En medio del auge de dietas como la keto, paleo o altas en proteína, hay una pregunta que cada vez toma más fuerza: ¿Qué está pasando realmente con la microbiota intestinal?

Este tipo de alimentación, caracterizada por un alto consumo de grasas y proteínas animales y una baja ingesta de fibra, ha sido ampliamente estudiada por su impacto en el equilibrio del microbioma. Algunas investigaciones han encontrado cambios en la composición bacteriana, así como en la producción de metabolitos clave para el funcionamiento del organismo.

En ese escenario aparece un actor inesperado: el cranberry o arándano rojo.

Aunque tradicionalmente se ha asociado con la salud urinaria, hoy su papel se está revisando desde otro ángulo. Organizaciones como el Cranberry Institute han recopilado estudios que analizan cómo sus compuestos naturales podrían interactuar con la microbiota intestinal.

El Cranberry Institute han recopilado estudios que analizan cómo sus compuestos naturales podrían interactuar con la microbiota intestinal. Foto: Archivo: Código Salud.

¿Qué dice la ciencia?

Investigaciones desarrolladas en la Université Laval, particularmente desde el Institute of Nutrition and Functional Foods, han explorado cómo los polifenoles y la fibra presentes en el cranberry interactúan con las bacterias del intestino.
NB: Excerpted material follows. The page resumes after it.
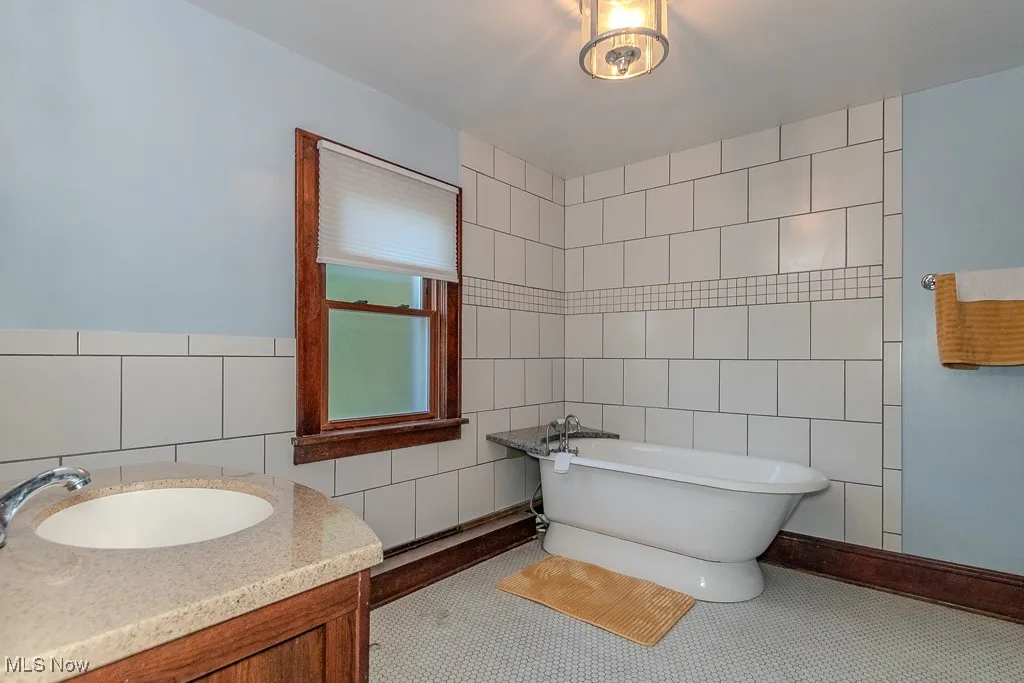 Full bathroom with a soaking tub, vanity, tile walls, and tile patterned flooring
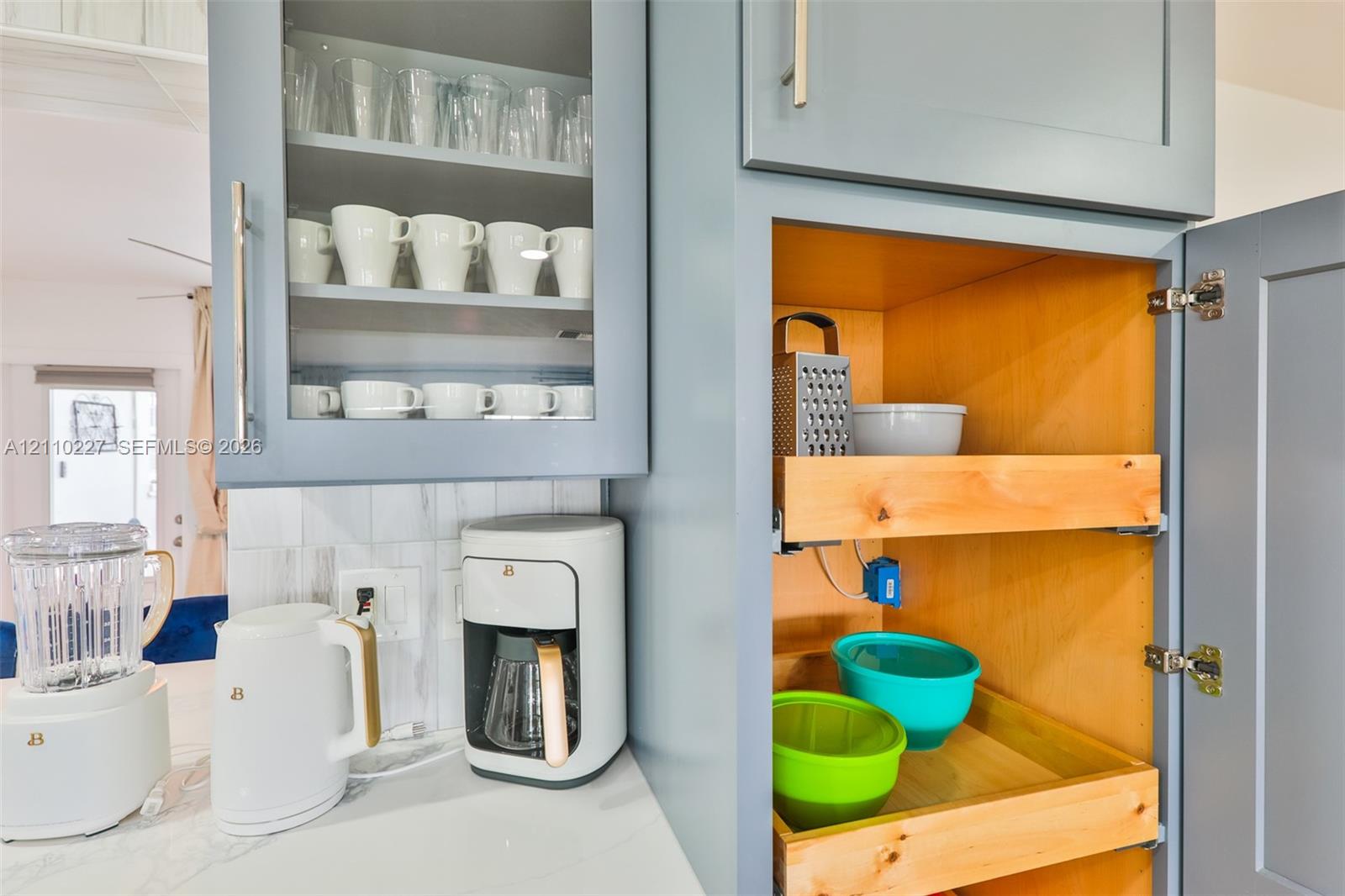 Custom cabinetry featuring shaker-style doors, glass-front upper storage, and built-in sliding wooden drawers, complemented by a stone-surface countertop and a tile backsplash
Algunos estudios sugieren que estos compuestos pueden llegar casi intactos al colon, donde entran en contacto con el microbioma. Allí, podrían influir en el equilibrio bacteriano y favorecer la producción de ácidos grasos de cadena corta, conocidos como SCFA, asociados con el bienestar intestinal.

Esto es relevante porque dietas bajas en fibra suelen afectar justamente estos procesos.

Un equilibrio que no siempre se ve

El punto clave es este: muchas veces los cambios en la microbiota no se sienten de inmediato, pero sí pueden influir en cómo el cuerpo procesa nutrientes, responde a la inflamación o regula el metabolismo. Por eso, la investigación actual no se centra solo en qué comemos, sino en cómo ciertos alimentos pueden interactuar con ese ecosistema invisible.

Aunque los resultados son prometedores, los expertos coinciden en que este es un campo en desarrollo. La relación entre alimentación, microbiota y compuestos bioactivos sigue siendo objeto de estudio.

Lo interesante es que alimentos que antes parecían tener un rol muy específico, hoy están siendo analizados desde una perspectiva mucho más amplia.

Y en ese nuevo mapa, el cranberry empieza a ganar un lugar inesperado.